I Marijuanal sono una band che si è formata nel primo semestre 2013 e che suona un mix di punk, hardcore, metal, alternative, indie rock, j-rock.
Se non bastasse a capire il messaggio espresso dal nome della band, l’album di debutto si chiama Stoned Punk, ed è stato mixato e masterizzato a New York da Bob Davodian ( tra i suoi lavori Randall Flag, Divine Rapture).
Marijuanal traccia per traccia
Si parte da 1984, titolo orwelliano (ma anche vanhaleniano), che importa subito tutti i valori di un punk molto veloce e consistente. Qualche stranezza in più in No Pussies in the Skatepark, che alle idee punk unisce la voglia di far breccia nella cultura giovanile (e mentre scrivo “cultura giovanile” mi sento circa 200 anni in più).
Alone cerca di spostare l’attenzione altrove con qualche accordo di pianoforte iniziale, ma è una presa in giro: il tono ritorna scanzonato e le sonorità punk-hardcore fin da subito.
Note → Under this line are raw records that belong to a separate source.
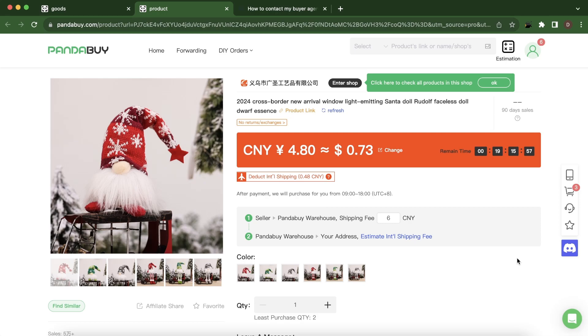Hi everyone, in today's video I'm going to show you how to contact a seller on PandaBuy.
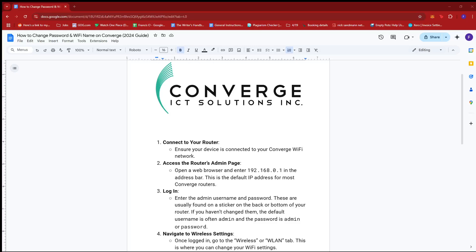Hello everyone, in today's video I'm going to show you how to change password and Wi-Fi name on Converge. First up, what you need to do is connect to your router. Just ensure that your device is connected to your Converge Wi-Fi network.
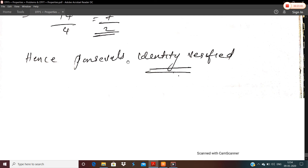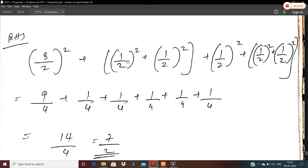Hope you are all clear on how to find x[n] given x[k] and how to find x[k] given x[n]. That's all for the problems of DTFS. With this, we are winding up the session on DTFS. In the next session, we will be seeing how to find the DTFT of the signal. Thank you all.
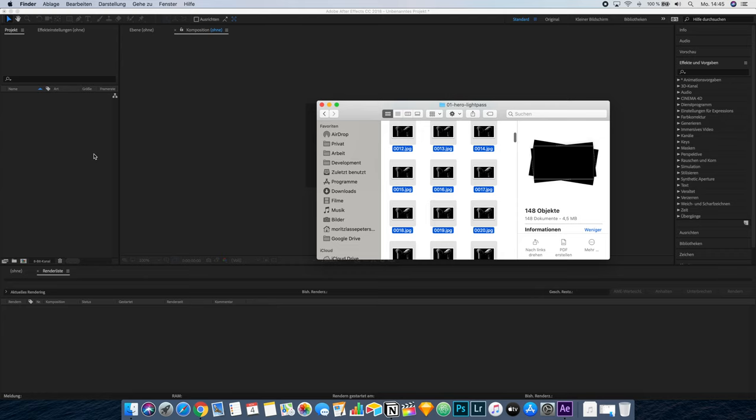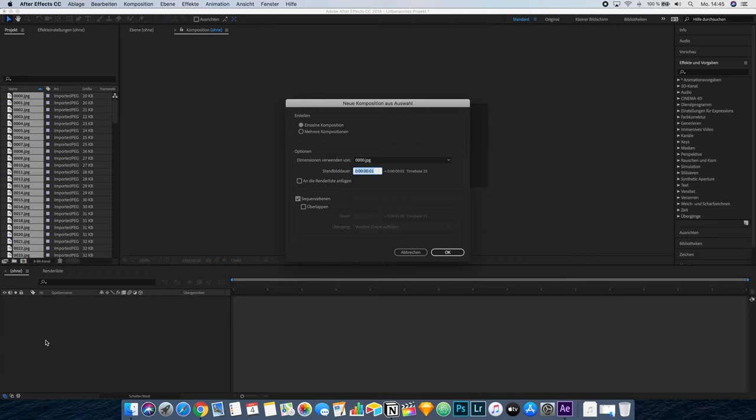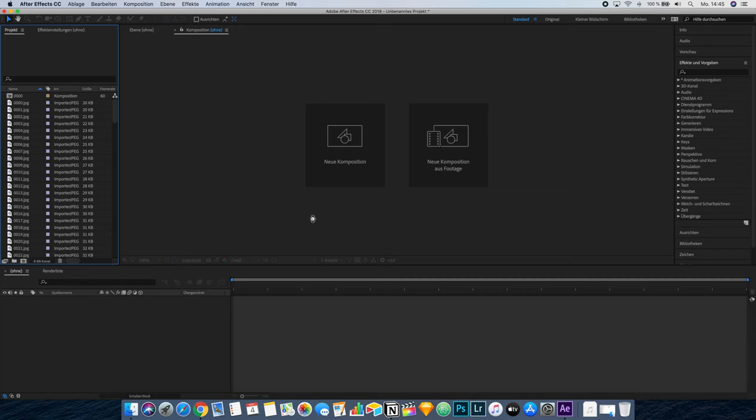We're going to drag this folder into After Effects. After Effects has this handy feature where we can drag those images into a new composition, and it's going to create a new composition. You have to make sure that there are only zeros and ones at the end, so this ensures that every single image is one frame in the animation. We press OK, and now After Effects creates the composition. As you can see, we have the animation and one image is one frame.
Al contrario Blood (Nukezone) abbassa il ritmo a livelli metal/stoner, piazza qualche coro, si irrobustisce un po’. Si torna a correre subito con Brothers, e si corre parecchio: l’atteggiamento rimane aggressivo, ma il punk ispiratore in questo caso è quello americano, tirato ma scanzonato.
Strung Out propone modi di fare differenti, con un drumming meno ossessivo e anche qualche brano di recitato sul finale. La chitarra invece detta legge nell’introduzione di Pain (Mope), almeno finché la batteria non decide di impazzire. Il brano è curioso e sorprendente e prevede anche un intermezzo morbido di chitarra acustica.
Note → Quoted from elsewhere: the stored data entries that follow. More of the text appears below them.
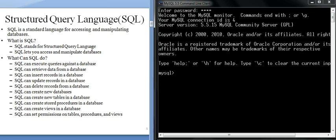SQL can insert, update, and delete records in a database. It can create new databases, create new tables, create stored procedures, and create views. SQL can also set permissions on tables, procedures, and views — controlled through TCL (Transaction Control Language). These represent the basic uses of SQL.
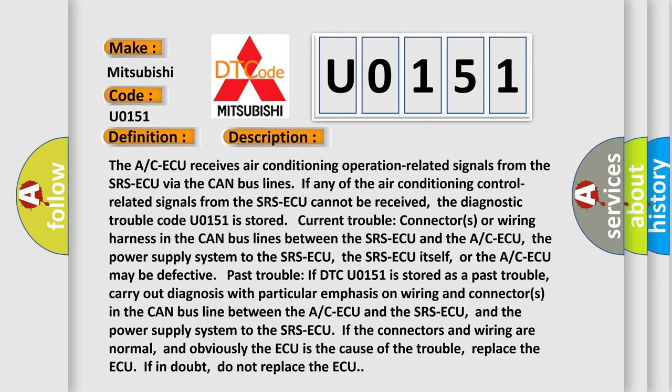Pass trouble: If DTC U0151 is stored as a pass trouble, carry out diagnosis with particular emphasis on wiring and connectors in the CAN bus line between the ACAQ and the SRSAQ, and the power supply system to the SRSAQ. If the connectors and wiring are normal and the ACAQ is obviously the cause of the trouble, replace the ACAQ. If in doubt, do not replace the ACAQ.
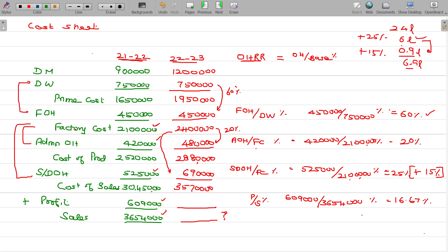Now what could be the profit and sales price? Profit by sales is 16⅔%. Sales being 100 and cost of sales being 83⅓ — that is the ratio. So using the shortcut: cost of sales 35 lakhs 70,000 multiplied by 16⅔ divided by 83⅓ gives the profit. Then sales price is calculated accordingly.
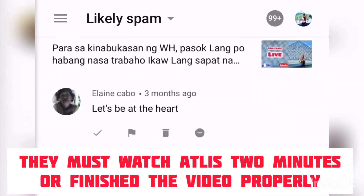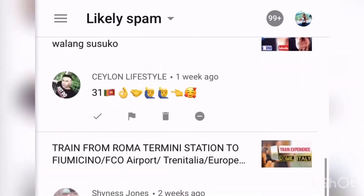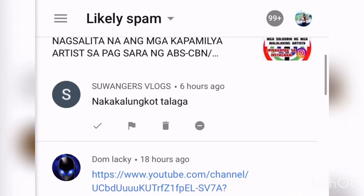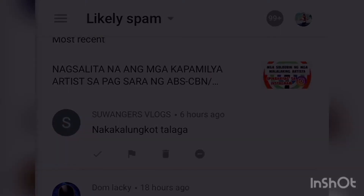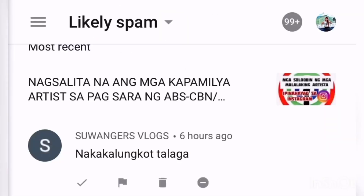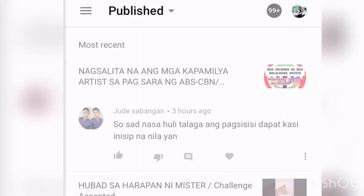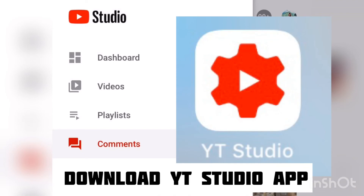From the Comments section in YT Studio you can see all the spam comments. Just click 'Likely Spam' and you will see all of them. You can also download the YT Studio application on your phone.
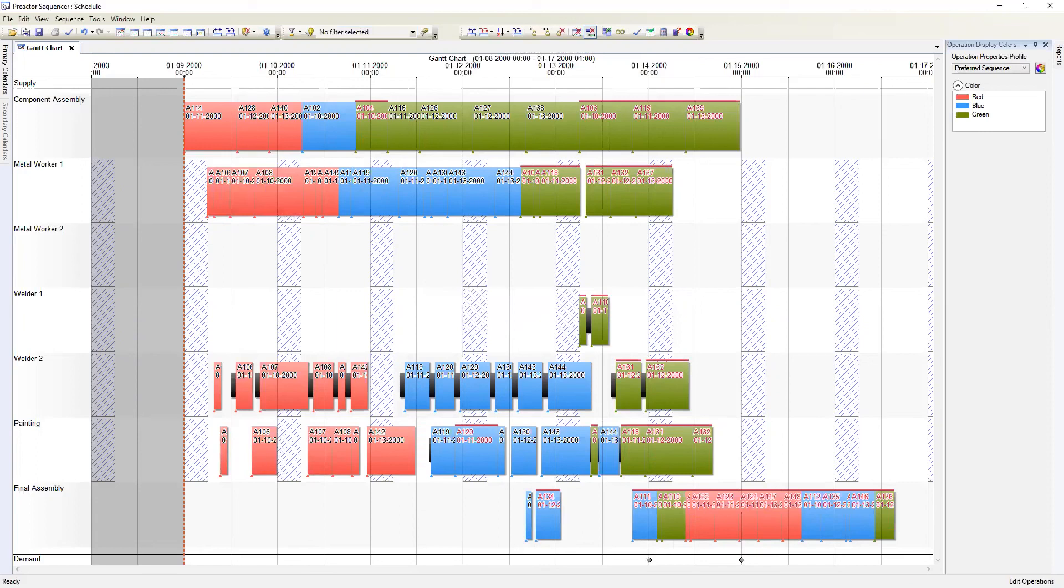Once we've scheduled with everything included in the look ahead window we can see that most of the operations group together by color. Thank you for your time. I hope this helps you to better understand some of the capabilities of Preactor and its sequencing rules.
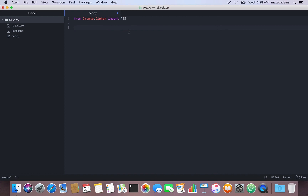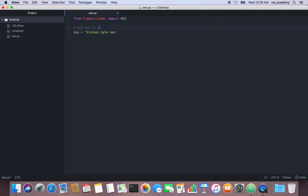After that, let's create a key. Remember, the key has to be 16, 24, or 32 bytes — it must be one of those three. So let's make a 16-byte key. Let me count it: this is 16 bytes. The important thing to note is that the key has to be either 16, 24, or 32 bytes — not bits, bytes. So this 16-byte key is good.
Blotter gira piuttosto al largo dalle sonorità più estreme, anzi si avvicina di più a un indie/alternative oscuro e intenso. A chiusura del disco Double Drop, che ad alcune sonorità dei già citati Van Halen può far pensare, benché con velocità più alte e un approccio più diretto.
Ci sono imprecisioni e sbavature, e anche un po’ di voglia di strafare qui e là. Ma non bisogna sottovalutare la forza dei Marijuanal, che se riusciranno a mantenersi sul percorso potrebbero regalare qualche buona sorpresa.